§ **What is expected**: Below are the records; extract from them the line containing "60 PCS Clear" to the line containing "Jl Coquet Hemisphere", both lines included, exactly and with no pictures.

§ **Material for this exercise**:
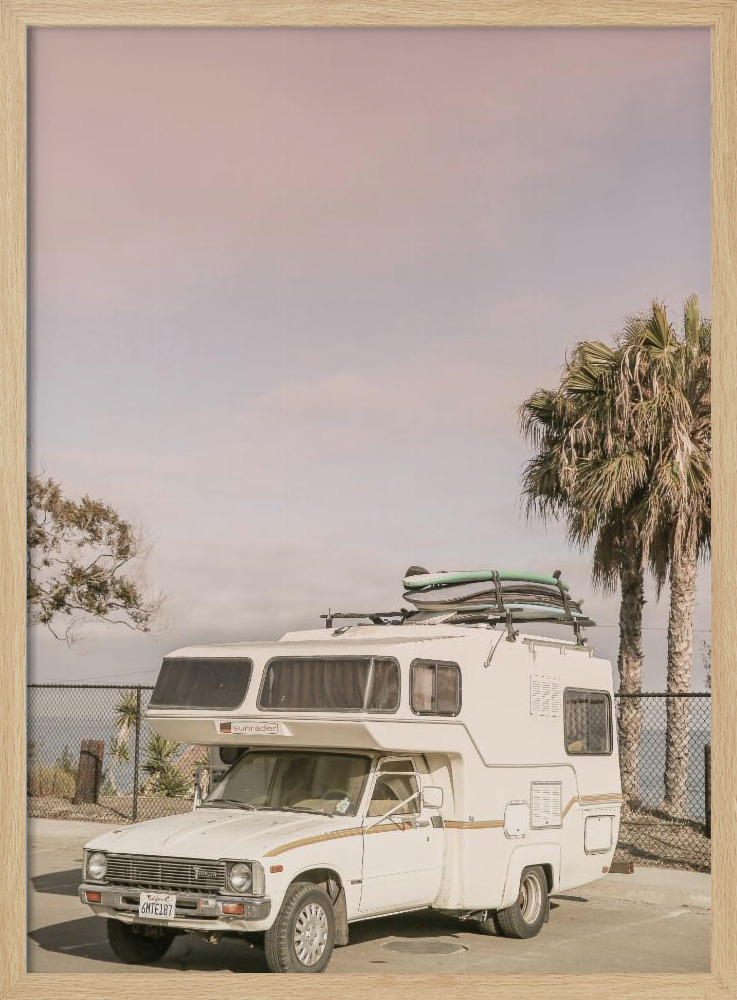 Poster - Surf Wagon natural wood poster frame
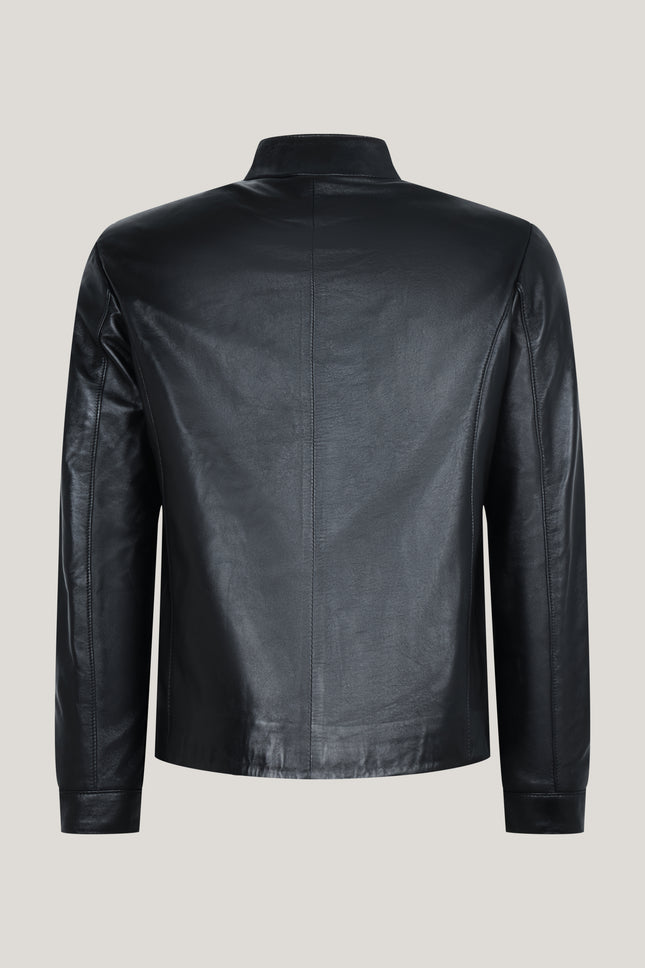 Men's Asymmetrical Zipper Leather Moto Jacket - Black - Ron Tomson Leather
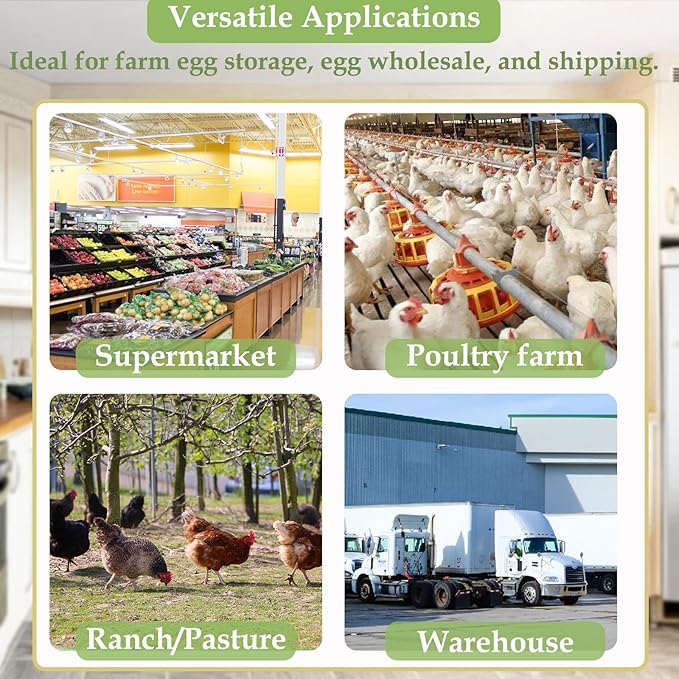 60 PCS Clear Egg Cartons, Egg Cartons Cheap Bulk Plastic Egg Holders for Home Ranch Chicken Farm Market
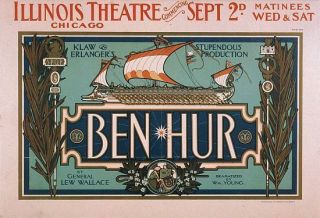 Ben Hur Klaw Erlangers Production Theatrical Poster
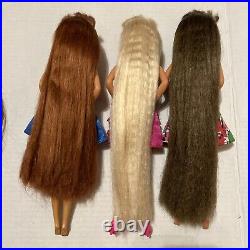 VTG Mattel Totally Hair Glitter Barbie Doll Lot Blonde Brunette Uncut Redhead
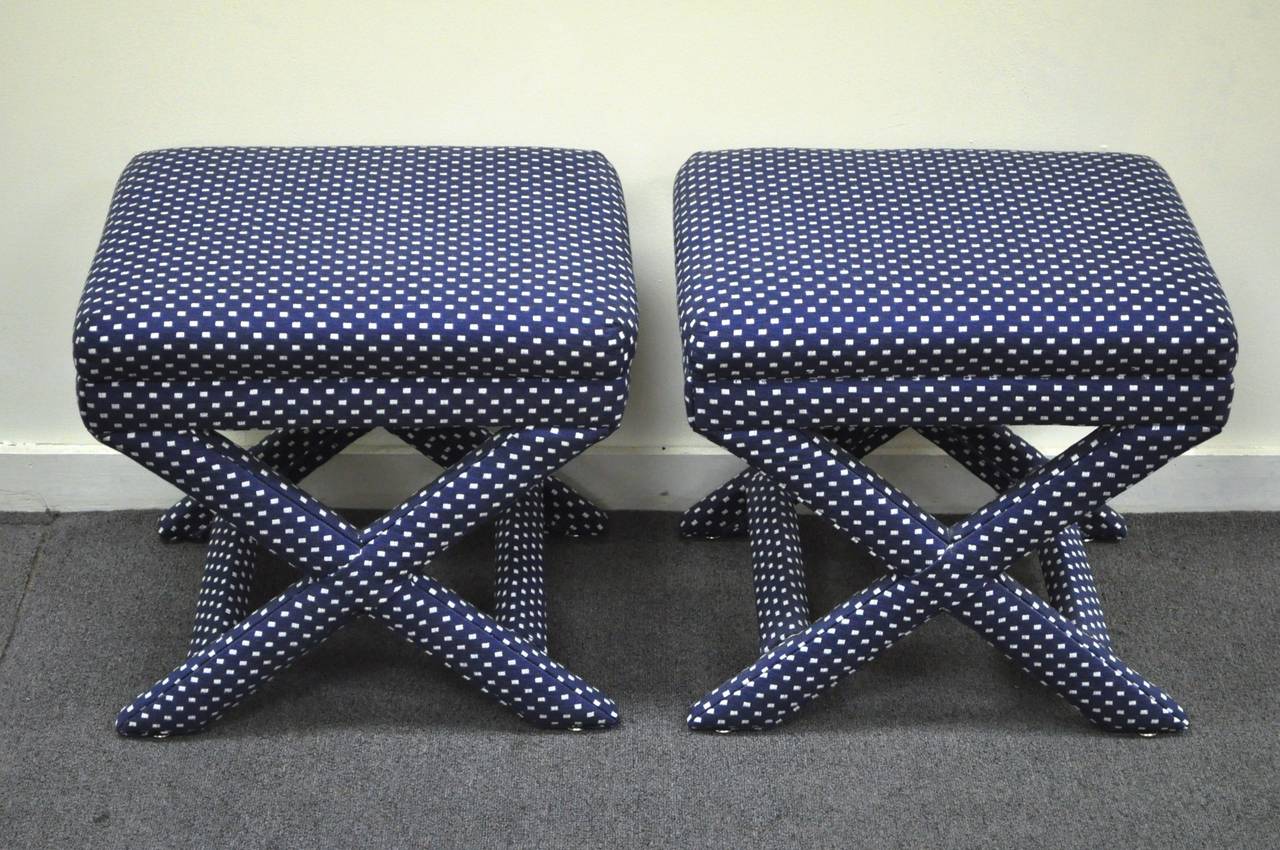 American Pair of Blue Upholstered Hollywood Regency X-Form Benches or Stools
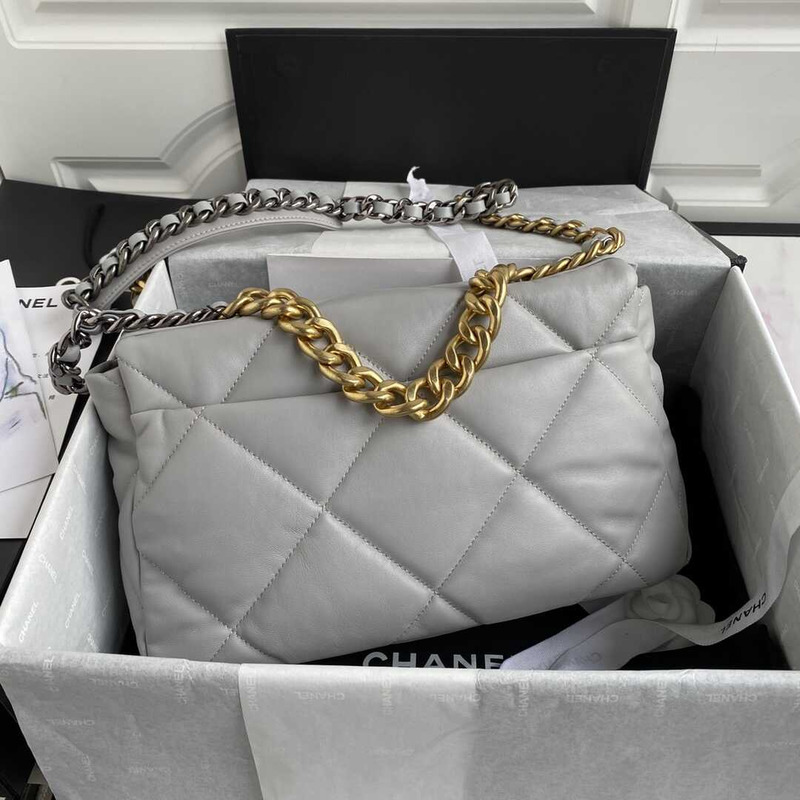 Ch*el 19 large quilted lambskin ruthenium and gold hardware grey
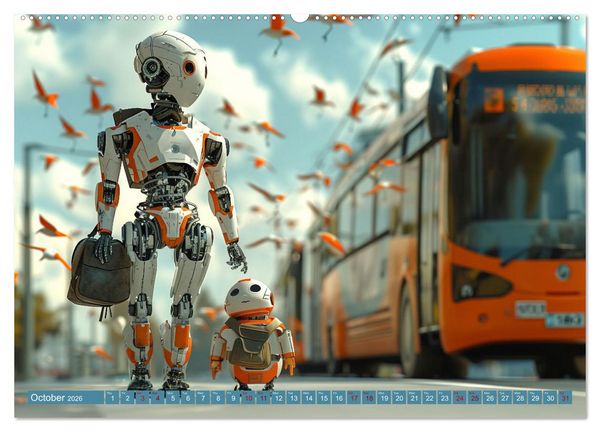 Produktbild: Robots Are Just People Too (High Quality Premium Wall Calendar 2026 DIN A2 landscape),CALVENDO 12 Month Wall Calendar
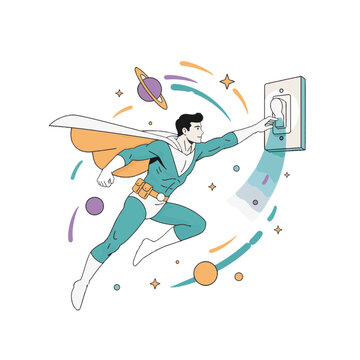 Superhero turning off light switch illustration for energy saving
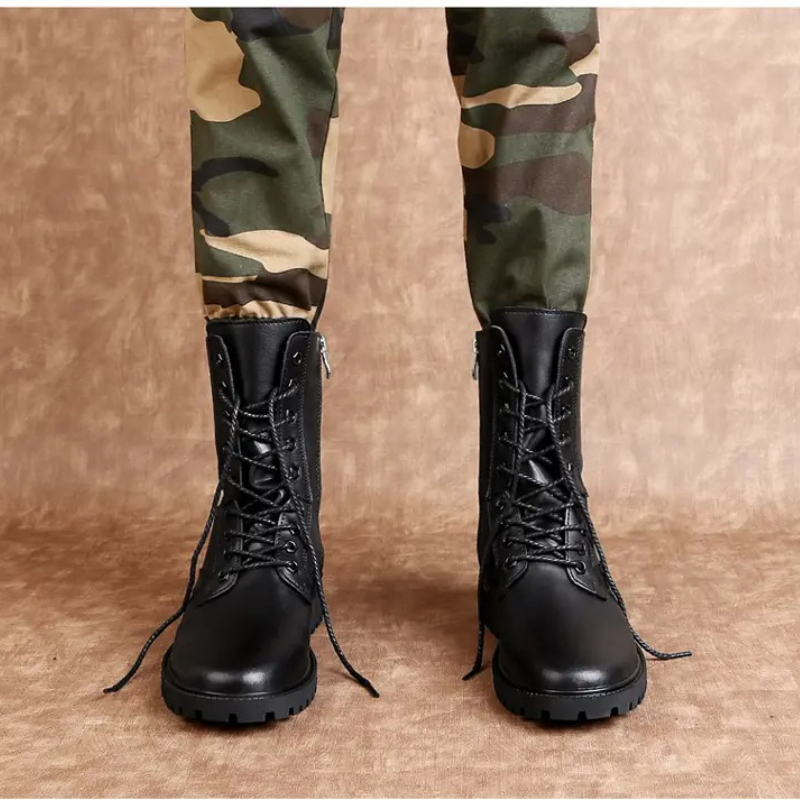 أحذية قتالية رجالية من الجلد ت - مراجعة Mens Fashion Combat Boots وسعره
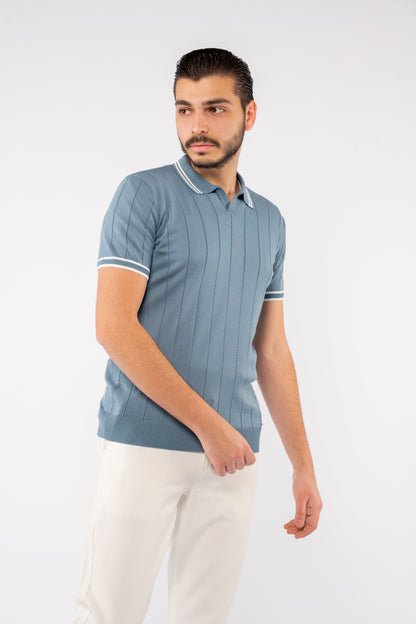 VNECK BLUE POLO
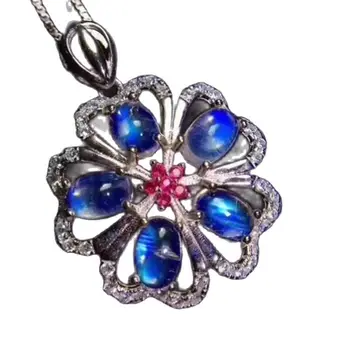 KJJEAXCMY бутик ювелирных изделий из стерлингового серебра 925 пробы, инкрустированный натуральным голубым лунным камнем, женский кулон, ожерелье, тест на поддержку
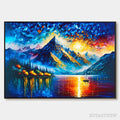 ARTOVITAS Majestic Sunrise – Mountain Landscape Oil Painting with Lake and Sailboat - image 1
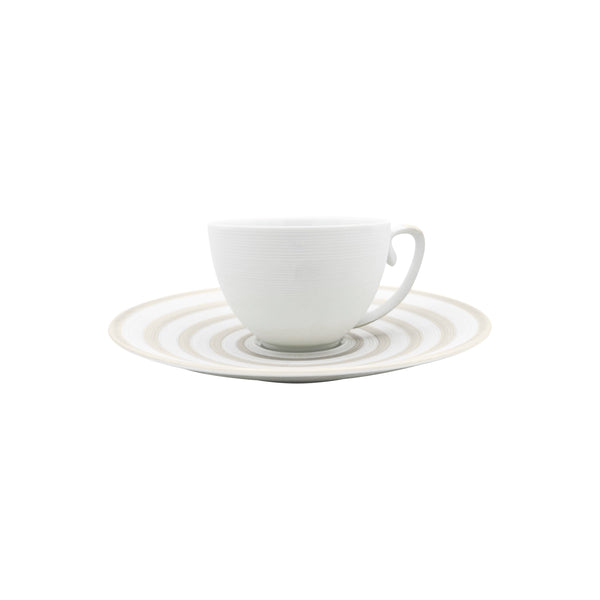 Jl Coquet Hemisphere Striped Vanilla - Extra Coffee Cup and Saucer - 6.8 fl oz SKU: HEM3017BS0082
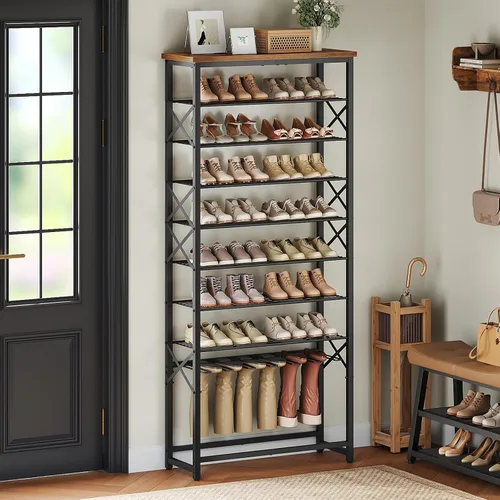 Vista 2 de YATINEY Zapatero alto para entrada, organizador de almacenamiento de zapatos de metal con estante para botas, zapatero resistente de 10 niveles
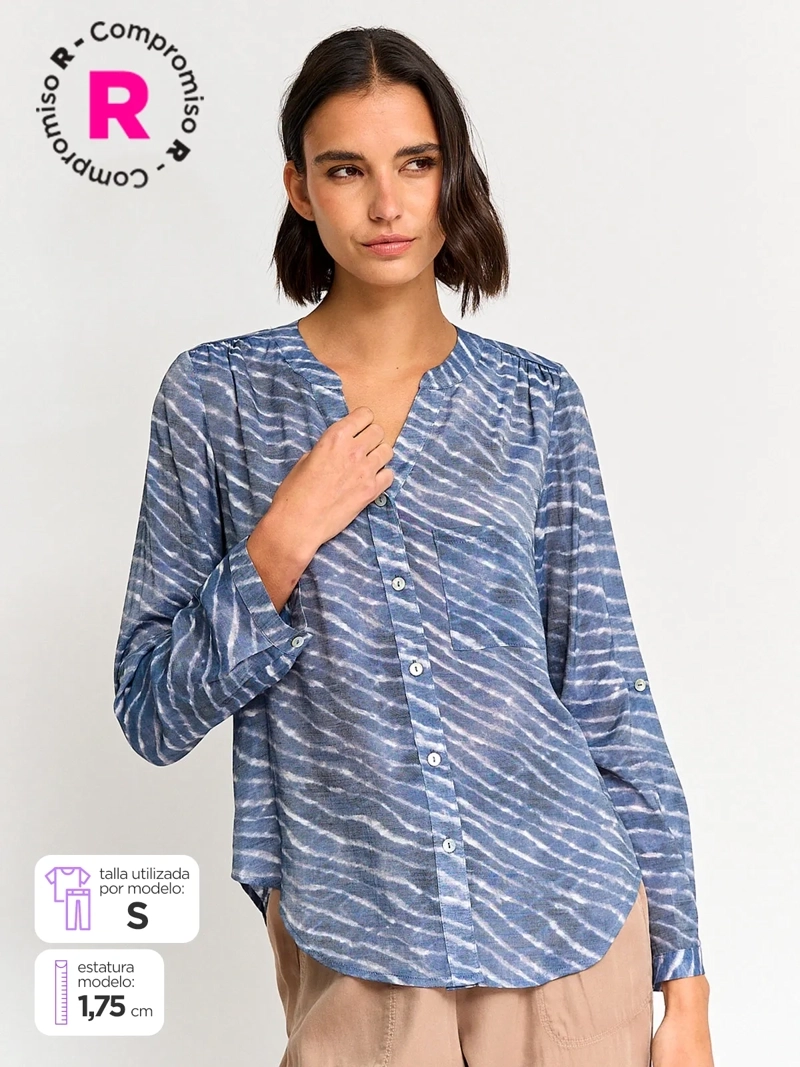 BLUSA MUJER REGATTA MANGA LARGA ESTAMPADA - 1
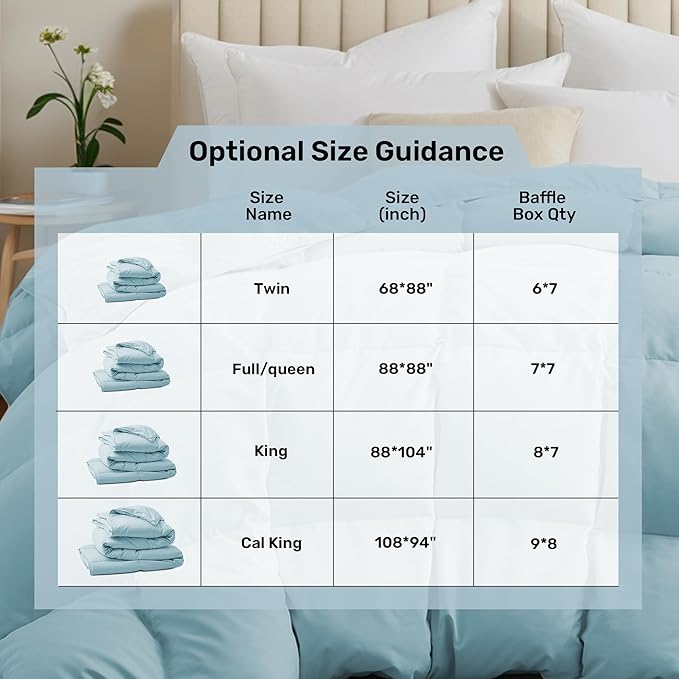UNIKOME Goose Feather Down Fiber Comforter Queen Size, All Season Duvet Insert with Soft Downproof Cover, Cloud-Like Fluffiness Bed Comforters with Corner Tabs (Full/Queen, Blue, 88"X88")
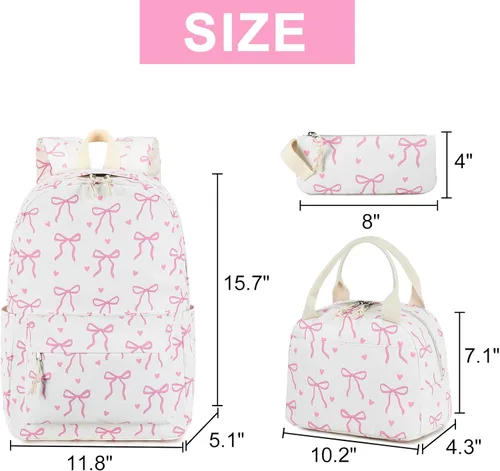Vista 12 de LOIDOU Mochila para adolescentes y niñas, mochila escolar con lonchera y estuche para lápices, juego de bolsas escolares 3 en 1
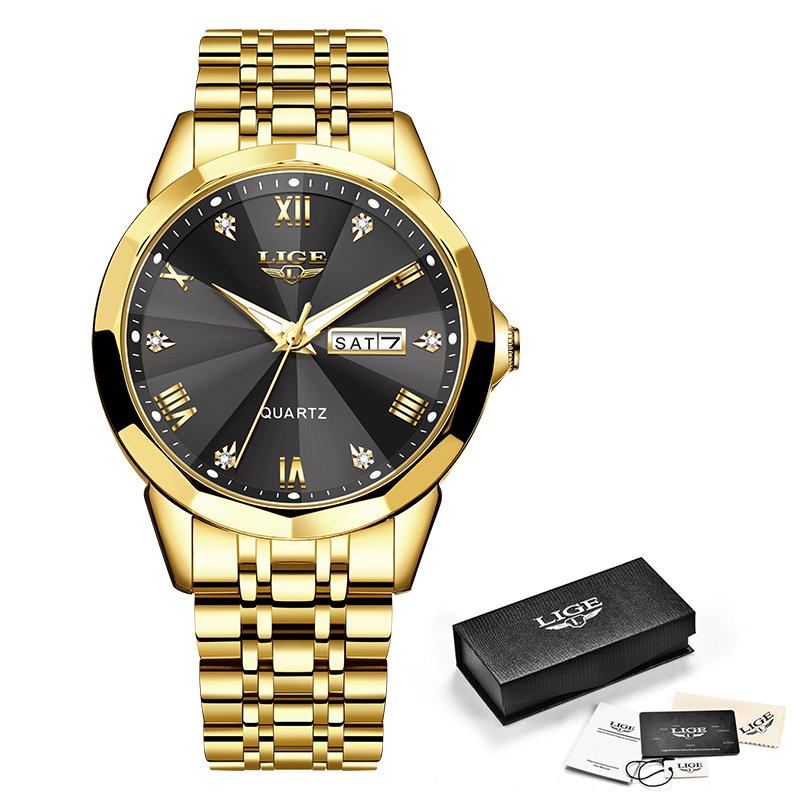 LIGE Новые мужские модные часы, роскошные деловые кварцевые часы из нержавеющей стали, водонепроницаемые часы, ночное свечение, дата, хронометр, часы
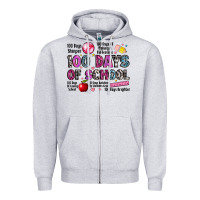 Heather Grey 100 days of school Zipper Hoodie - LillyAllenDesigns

§ **Problem solution**:
 60 PCS Clear Egg Cartons, Egg Cartons Cheap Bulk Plastic Egg Holders for Home Ranch Chicken Farm Market
 Ben Hur Klaw Erlangers Production Theatrical Poster
 VTG Mattel Totally Hair Glitter Barbie Doll Lot Blonde Brunette Uncut Redhead
 American Pair of Blue Upholstered Hollywood Regency X-Form Benches or Stools
 Ch*el 19 large quilted lambskin ruthenium and gold hardware grey
 Produktbild: Robots Are Just People Too (High Quality Premium Wall Calendar 2026 DIN A2 landscape),CALVENDO 12 Month Wall Calendar
 Superhero turning off light switch illustration for energy saving
 أحذية قتالية رجالية من الجلد ت - مراجعة Mens Fashion Combat Boots وسعره
 VNECK BLUE POLO
 KJJEAXCMY бутик ювелирных изделий из стерлингового серебра 925 пробы, инкрустированный натуральным голубым лунным камнем, женский кулон, ожерелье, тест на поддержку
 ARTOVITAS Majestic Sunrise – Mountain Landscape Oil Painting with Lake and Sailboat - image 1
 Jl Coquet Hemisphere Striped Vanilla - Extra Coffee Cup and Saucer - 6.8 fl oz SKU: HEM3017BS0082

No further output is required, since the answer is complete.